Dick’s card is one of the set’s anchors, along with Johnny Unitas (#1), George Blanda (#39), Larry Csonka (#45), Fran Tarkenton (#120), Gale Sayers (#150), Bart Starr (#200), Joe Namath (#250) and O.J. Simpson (#260), and the rookie cards of Terry Bradshaw (#156) and Joe Greene (#245). Butkus’s card has a PSA population of 720 with not a single submission registering as a PSA Gem Mint 10. Ten more examples were labeled PSA mint 9, while 148 others earned PSA Near Mint-Mint 8 status. Using three different PSA grades for the card, here are its current industry average auction prices:
PSA Excellent 5: $12.50
PSA Near Mint 7: $30.56
PSA Near Mint-Mint 8: $107.59
Dick Butkus Cards Required to Complete the Set
(with PSA weights included)
- 1966 Philadelphia #31 Dick Butkus (10.00)

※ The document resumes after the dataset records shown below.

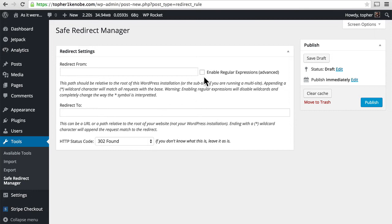We have the option here of enabling regular expressions, which allow you to put in only a fragment of the URL, and then use some special characters to fill out the rest. If you don't know regular expressions, I recommend you not bother with it.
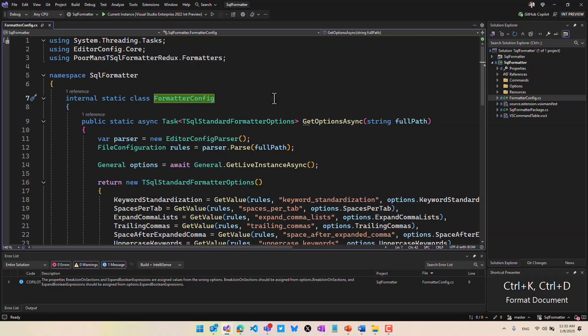This is the keyboard shortcut Alt backtick. I'm going to hit that now while I'm in the code editor here.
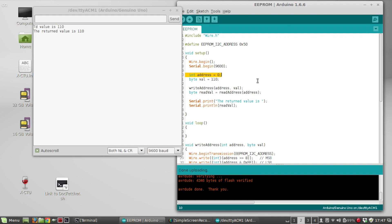But also the data sheet says the values are good for like 40 years. So if you write to that chip once, supposedly they'll still be there 40 years from now. So, well, there it is. Hope you enjoyed the video. Thank you.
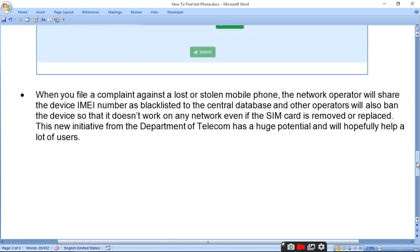This new initiative from the Department of Telecom has huge potential and will hopefully help a lot of users recover or protect their lost phones.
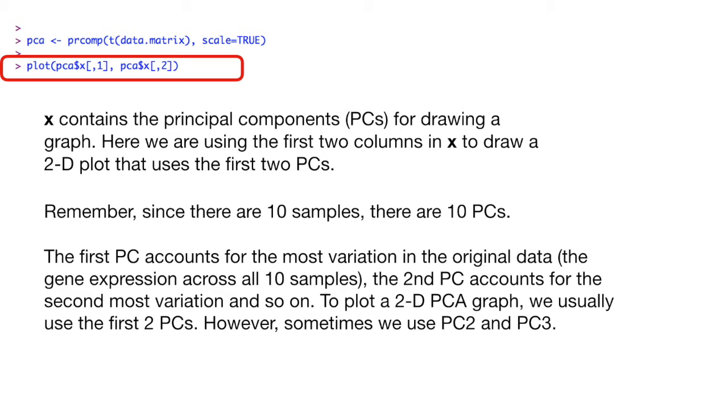To plot a 2D PCA graph, we usually use the first two principal components. However, sometimes we use principal component 2 and principal component 3.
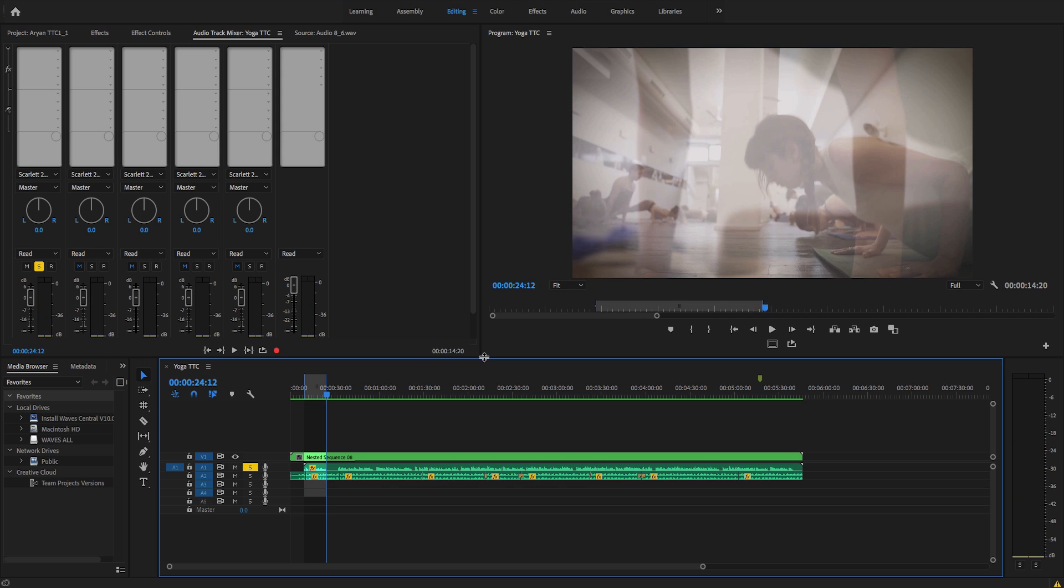As a rule of thumb, when working with synced audio recorded on set, the first thing you want to do is get rid of any unwanted noises before EQing, compressing, or any other manipulation to balance and improve the sound.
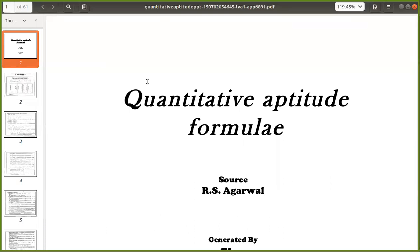Hello everyone, we will start with quantitative and aptitude. What is quantitative and what is aptitude? Students, please answer what is quantitative and what is aptitude? Don't know madam. Don't know.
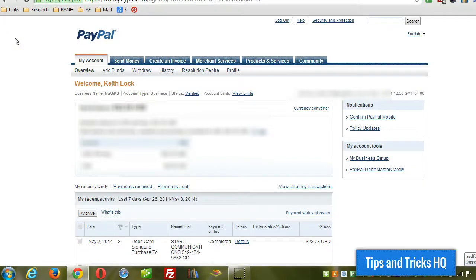Hey everyone, Keith Locke here of Tips and Tricks HQ. In this quick video I'm going to be showing you how to set up and send invoices through your PayPal account.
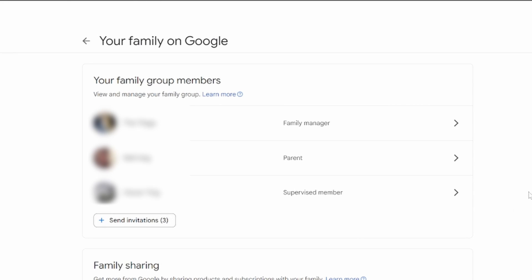And there we go. They are no longer part of the family member, but they are still part of the family. Just not the Google family.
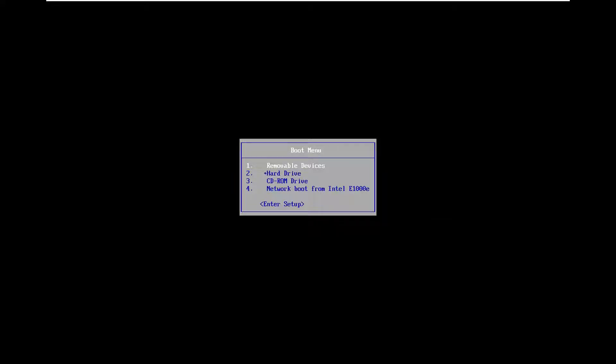We're going to have to get into our BIOS settings for this tutorial. You might have different options for your computer, but for my computer I just have the escape key to access the boot menu. I'm going to go ahead and enter setup, using my arrow keys on my keyboard to go down to the enter setup option.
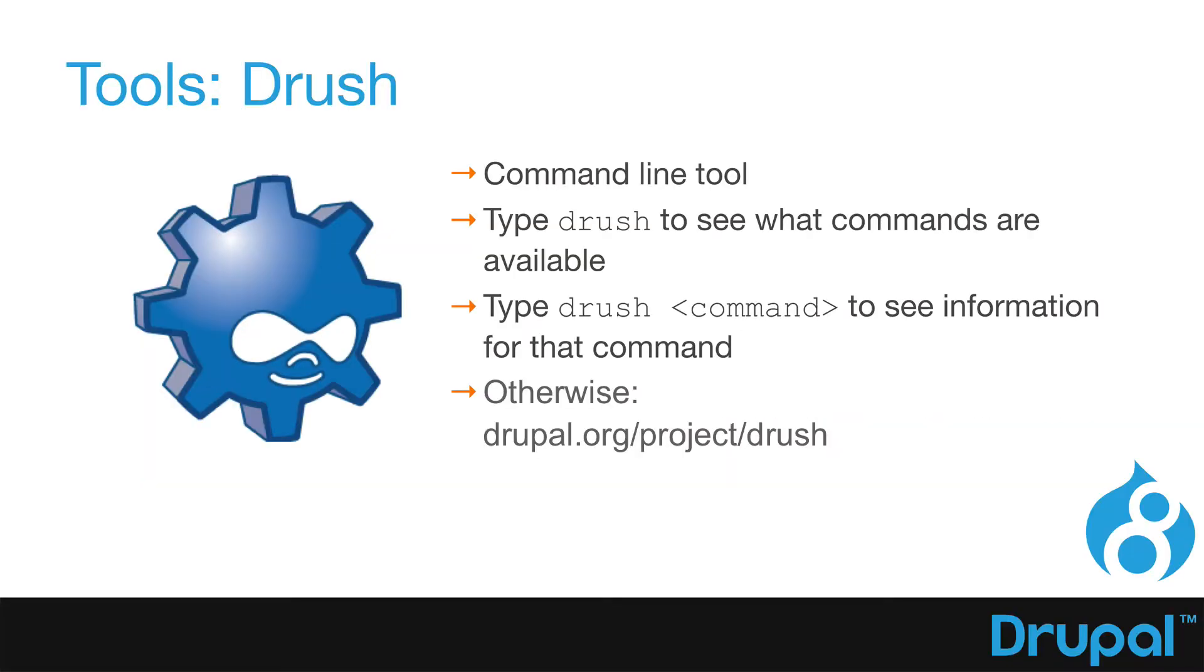One of the things that I always do when I am setting up a Drupal site is I try and install all my modules right at the beginning. Now sometimes that doesn't work as things change and as project updates come about. But one of the great tools that we have available to us is Drush.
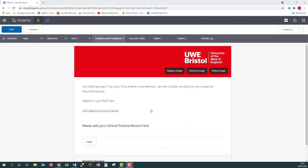Templates are used in some, but not all workbooks. If you have templates, then they will be found as a link within your workbook. These templates have been created by a member of the Glenside Education Innovation Team at UWE. PebblePad also have a few preset templates in the resource store, but unless instructed by your UWE tutor, you shouldn't need to use them.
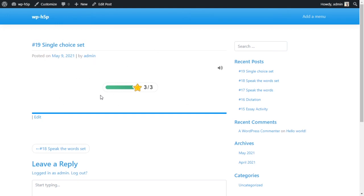So this is a standalone activity. You can have as many questions as you want, but they all have to be single choice set questions. If you wanted to include this as part of a bigger test with different types of questions, you can include it into a question set or an interactive workbook.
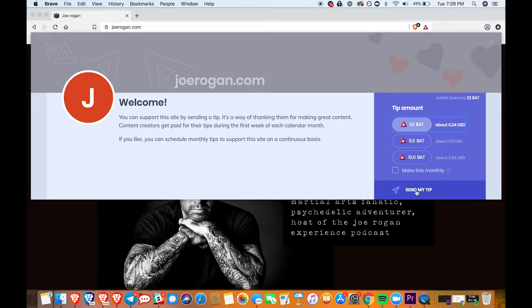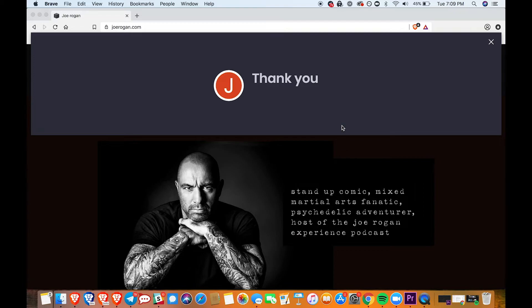You can go ahead and click send my tip. You will get a thank you message letting you know that your tip has gone through.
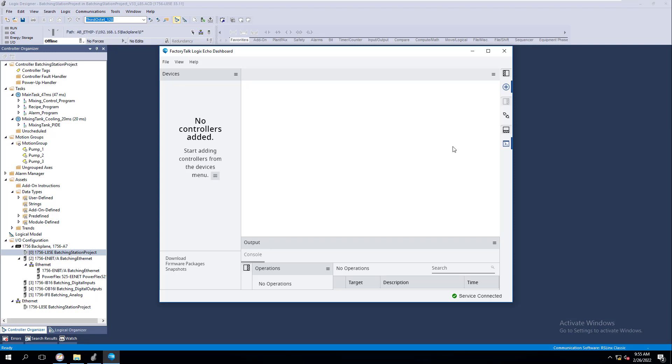All right, so in this video, we're going to show you how to use the FactoryTalk Logix Echo Dashboard. Now, I'm going to show you this in a very simple way.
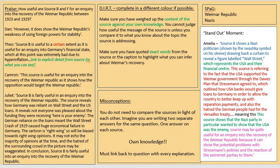Hello 10A history class. I am just recording for you some whole class feedback on your remote learning task 3 exam answer. The question that we asked you to try and tackle was: how useful are sources B and F for an inquiry into the recovery of the Weimar Republic between 1923 and 1929?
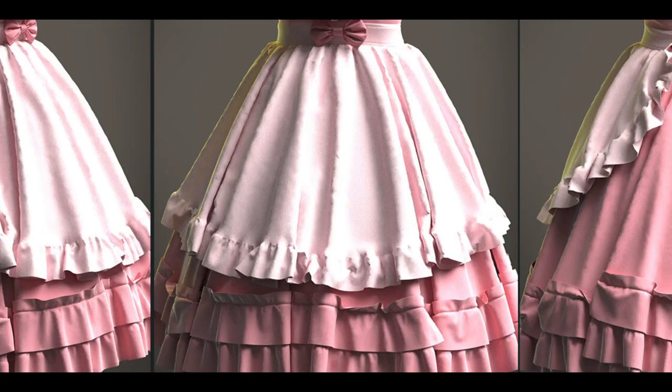Hey there, welcome to part 2 of this mini series. In this video I will talk about the lower part of the dress. Before even starting the main thing, I want to talk about something.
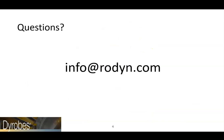Thank you for watching this Dyrobes video. Please contact us at info at rhodine.com if you have any questions.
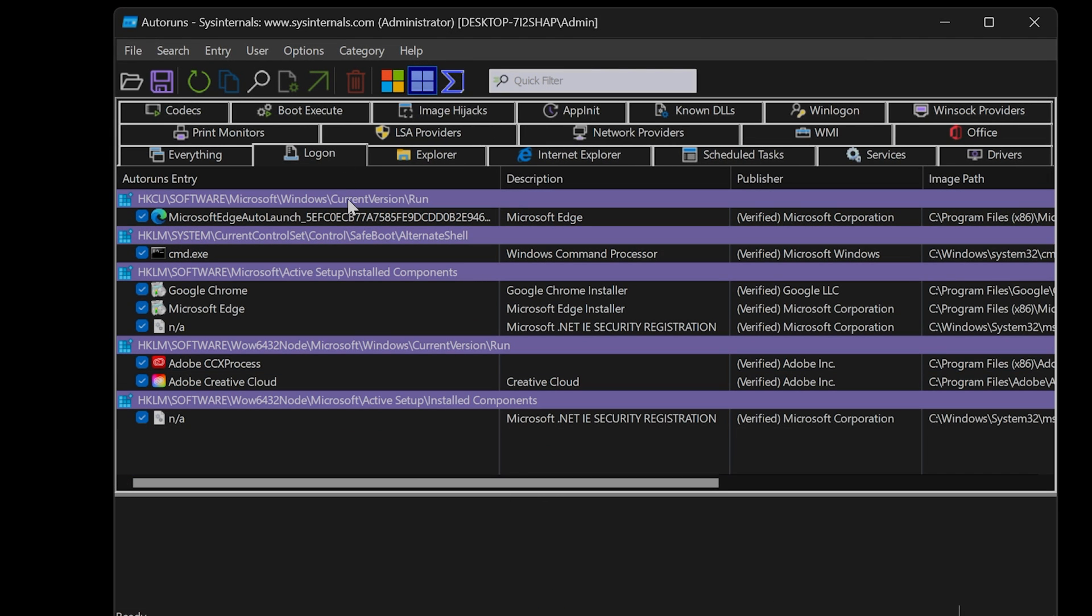This tab will list apps and some important things that run on Windows startup. The apps on startup will be in two specific sections. The sections will end with backslash run.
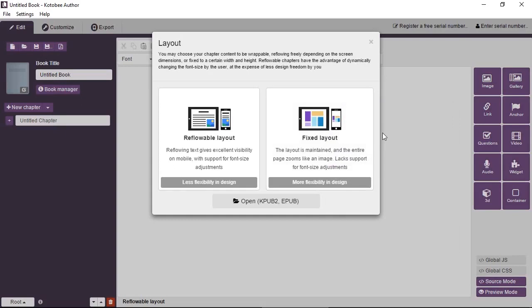If you're targeting mobile devices and readers on small screens, then it's very important to design your ebook in a reflowable layout.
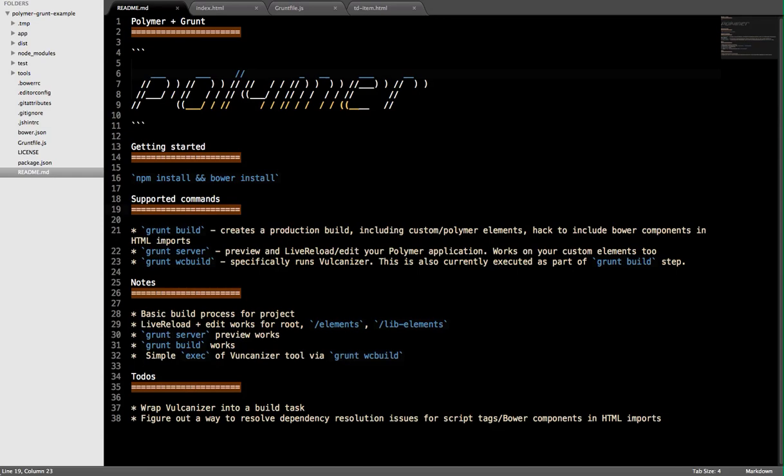Hey there. In this quick screencast, I'm going to talk about using Grunt, a workflow task runner, and Bower, a front-end package manager, as part of your Polymer application.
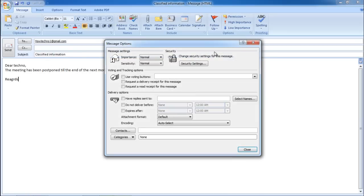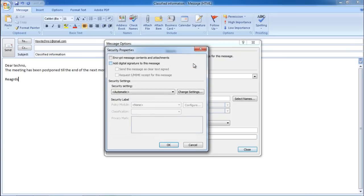Over there, click on the Security Settings button. In the Security Properties, checkmark the very first option, which says Encrypt Message Contents and Attachments.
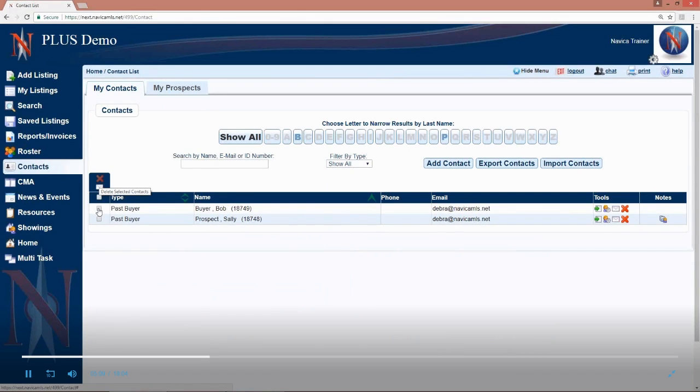When you delete a contact, everything about them is gone. The notes profile, if there's a search assigned to them, etc. Everything is removed when you choose to delete a contact.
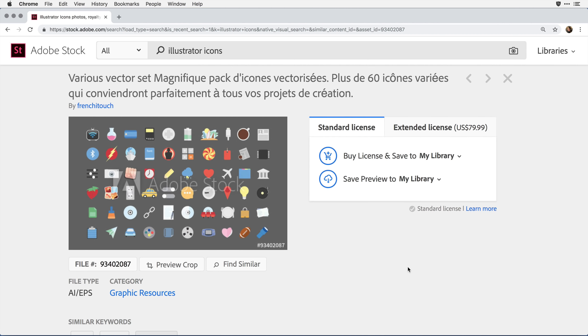With the latest release of XD, we've made it even easier for you to work with Adobe Illustrator content. When you open Illustrator files in XD, your design converts over while retaining editability and visual fidelity.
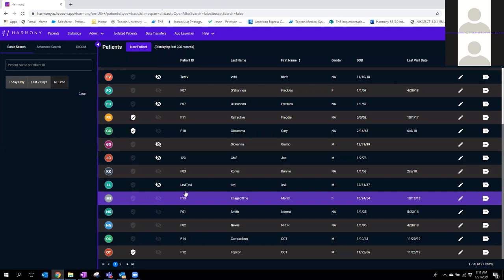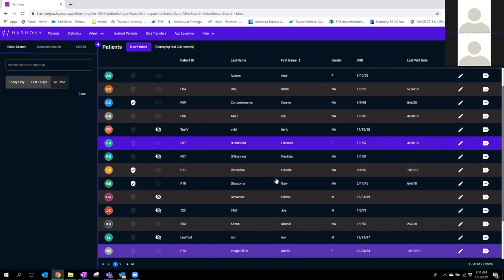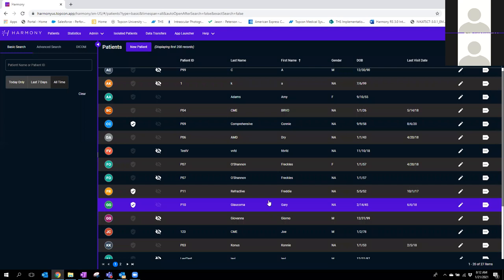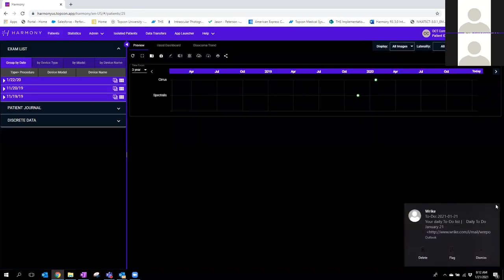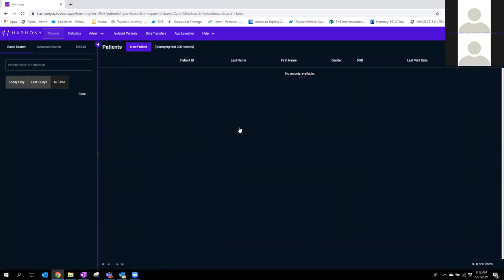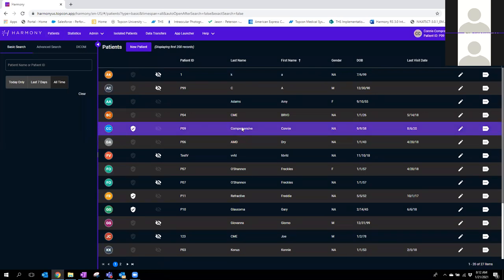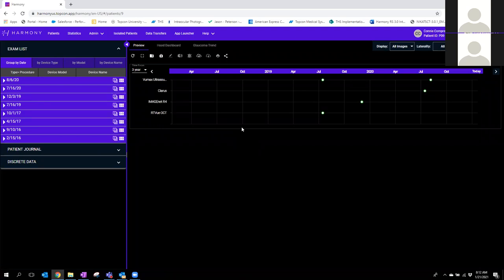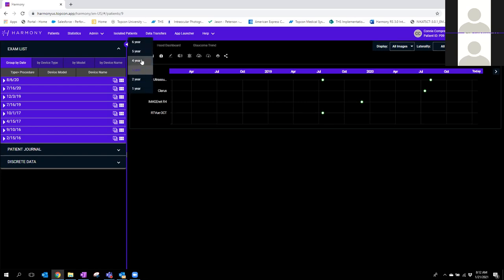I'm going to go into a patient record and train from that one record. When you log into the patient chart, this is what it looks like by default. You know you're in the patient chart by confirming up here. On the right side you have a visual timeline — it says three years. It's a little scarce because it's a sample patient, so there's not a lot of realistic tests. I'm going to change this to a four-year scale. You can scale back as many years as there are exams in Harmony, so if there's a 10 or 15-year history, you can scale accordingly.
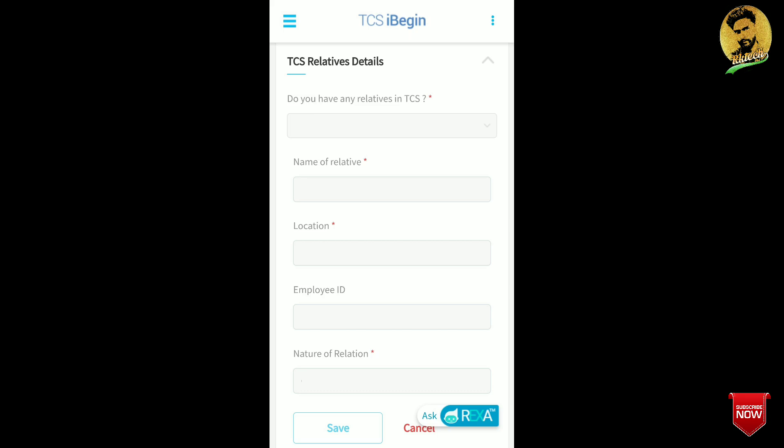After location, fill in the employee ID — ask your relative for their employee ID. Then fill in the nature of relation, such as brother, sister, or cousin.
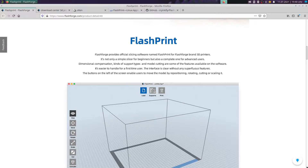Hello and welcome to my channel CryingFly! My name is Steve and in this video today I will show three ways how you can install this 3D software Flashprint on your Linux system.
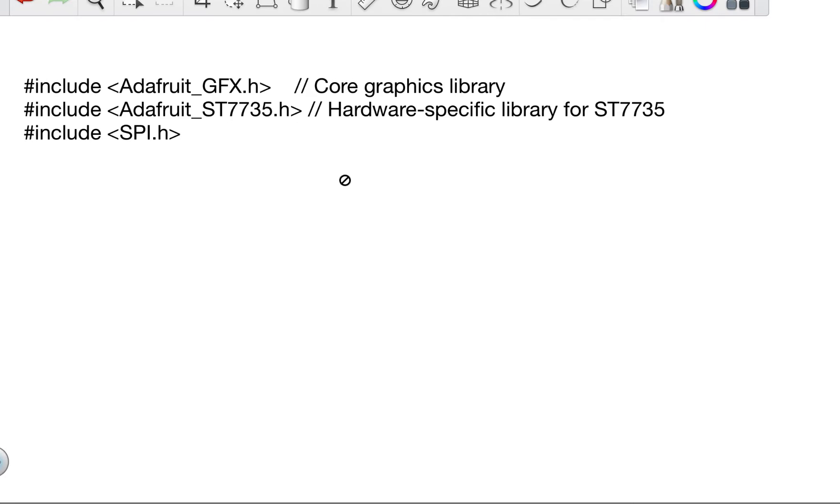Again, those were some of the libraries that were needed, and they were easy to find.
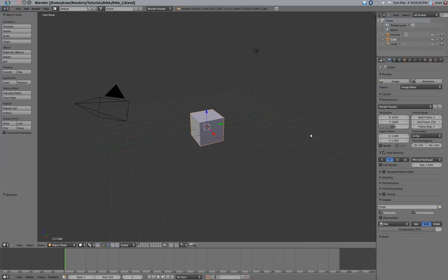Hello and welcome to another tutorial. Today I'll be showing you how to make DNA.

- 1967 Philadelphia #28 Dick Butkus (5.00)
- 1968 Topps #127 Dick Butkus (3.50)
- 1969 Topps #139 Dick Butkus (4.00)
- 1970 Topps #190 Dick Butkus (2.50)
- 1971 Topps #25 Dick Butkus (3,00)
- 1972 Topps #170 Dick Butkus (2.00)
- 1973 Topps #300 Dick Butkus (1.00)
- 1974 Topps #230 Dick Butkus (1.50)
Browse through images of the entire set within the image gallery section of the Set Registry.
Butkus played 119 games in the NFL, recorded 22 career interceptions for 166 return yards, recovered 27 fumbles and scored a total of 10 points (one fumble recovery touchdown, two extra points and one safety). He was inducted into the Pro Football Hall of Fame in 1979 and four years later was enshrined in the College Football Hall of Fame.
He then made a successful transition from the gridiron to the broadcast booth and was even featured in several major motion pictures and television series including “Hang Time” and “My Two Dads.” In 1985, the Downtown Athletic Club of Orlando, Florida created “The Dick Butkus Award” to honor the most outstanding linebacker at the high school, college and professional levels.
If you are looking for a fun project to piece together during the stay-at-home recommendations, collecting the nine-card Basic Set of Chicago Bears mainstay Dick Butkus on the PSA Set Registry is just the ticket.